“Era una persona dai tratti nobili, viveva in un castello in Inghilterra, aveva un elicottero e una moglie bellissima che non guardava mai nessuno negli occhi”
Barry Sheene ("uomo d'acciaio"), classe 1950, nato a Londra si è goduto tutto della vita, dalla fama immensa (due titoli nelle 500 cc) al dolore passando per decine e decine d'incidenti ed operazioni chirurgiche.
Diventato famoso per il numero 7 sulla carena della sua moto, anche da campione del mondo (il primo e l’unico a farlo per anni), il Paperino di Disney sul casco per la buona sorte e una senza-filtro appesa alle labbra in griglia con addosso la tuta di pelle colorata e sponsorizzata (un pioniere dopo i tempi del “tutto nero” ).
Dedito alla bella vita, beveva, fumava e nell'epoca in cui erano pochi i piloti che percepivano compensi alti, si presentava in circuito con una Rolls Royce targata 7 BSR.
Si accompagnava stabilmente (almeno in pubblico) con Stephanie, ex coniglietta di Penthouse.
Negli anni ’70 Sheene è per le moto quello che James Hunt (altro inglese) è per la F1.
I due sono amici e formano inevitabilmente una coppia esplosiva che manifesta tutto il suo potenziale durante la trasferta in Giappone del mondiale ’76 di Formula 1.
La leggenda vuole che la preparazione per gara decisiva del biondo della McLaren non sia delle più convenzionali: pare che i due compari ricevano in albergo la cortese visita di una trentina di hostess della British Airways e di un numero imprecisato di tifose locali nel corso della loro permanenza giapponese.
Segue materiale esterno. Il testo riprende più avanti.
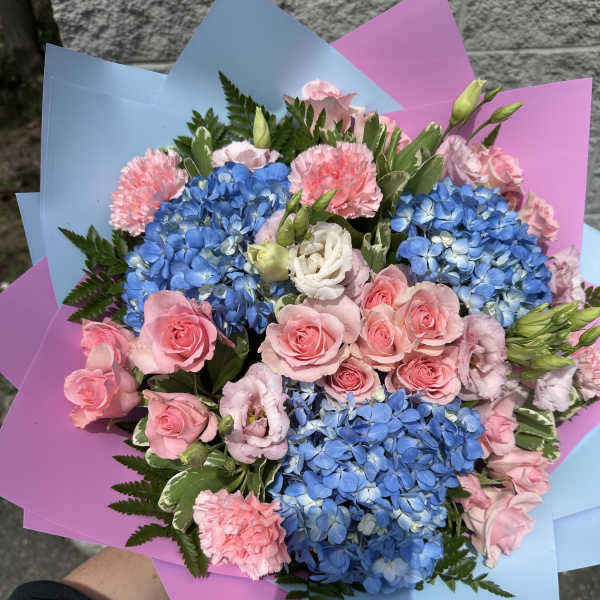 Bouquet of blue hydrangeas, pink roses, and carnations wrapped in pastel paper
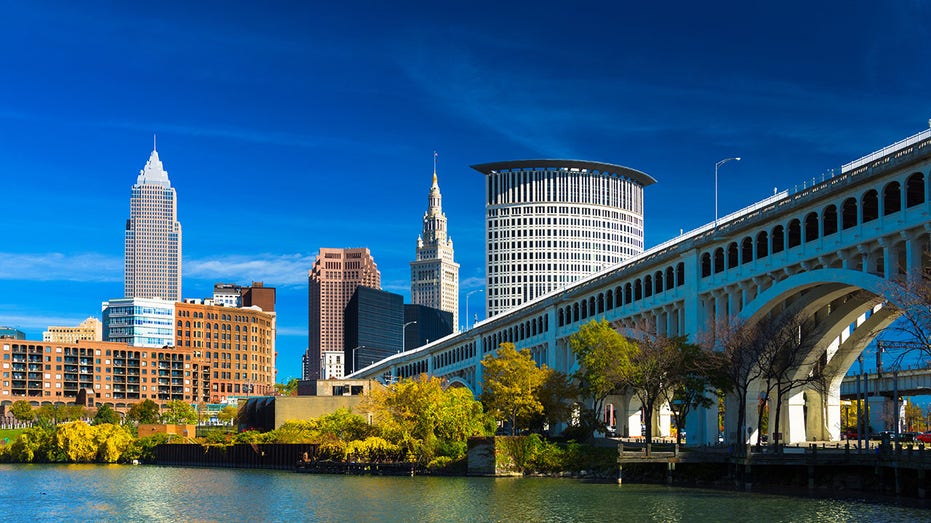 Downtown Cleveland with River, Bridge, Trees, and Deep Blue Sky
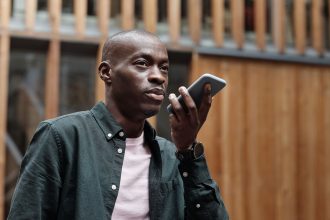 Homem usa comandos de voz no smartphone em um ambiente urbano.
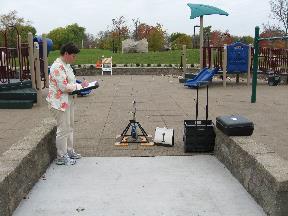 A data collector records the findings from a playground in the research study where the rotational penetrometer is set up at the entry.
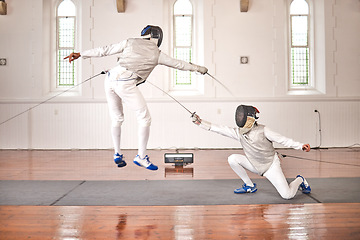 Image showing Fencing, sport and jump with sword to fight in training, exercise or workout in a hall. Martial arts, match and fencers or people with mask and costume for fitness, competition or target in swordplay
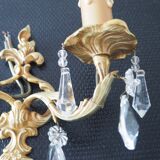 Pair of gilded bronze sconces and crystal pendants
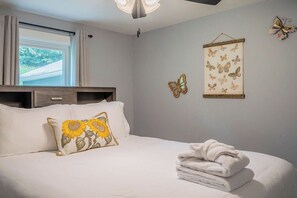 Ein Schlafzimmer mit einem Bett, Kissen, einer Wanddekoration mit Schmetterlingen und einem Fenster mit Vorhängen.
Per la cronaca quel mondiale termina con il titolo ad Hunt.
IL TERRIBILE INCIDENTE A DAYTONA
Daytona, Florida, test della 200 miglia del 1975 per le “big bikes” da 750 cc.
A oltre 270 km/h in piena curva sopraelevata il pneumatico posteriore della Suzuki esplode.
Polso, braccio, costole, vertebre, caviglia, femore tutto in pezzi.
Ci vogliono oltre 30 placche e viti per rimettere tutto insieme.
Sheene: “Se fossi un cavallo da corsa, mi abbatterebbero”
Quel giorno del ’75 una troupe televisiva della BBC è presente sul tracciato della Florida per tracciare un profilo del talento emergente del motociclismo inglese.
Dall’incidente al ricovero tutto viene ripreso come in un “The Truman Show” degli anni ’70.
Sheene, da gran comunicatore qual è, lascia fare, perché capisce che quello può essere un gran colpo, che certamente non rende meno duro l’asfalto a 270 ma lo consegna all’Inghilterra intera e al mondo del motorsport come una superstar.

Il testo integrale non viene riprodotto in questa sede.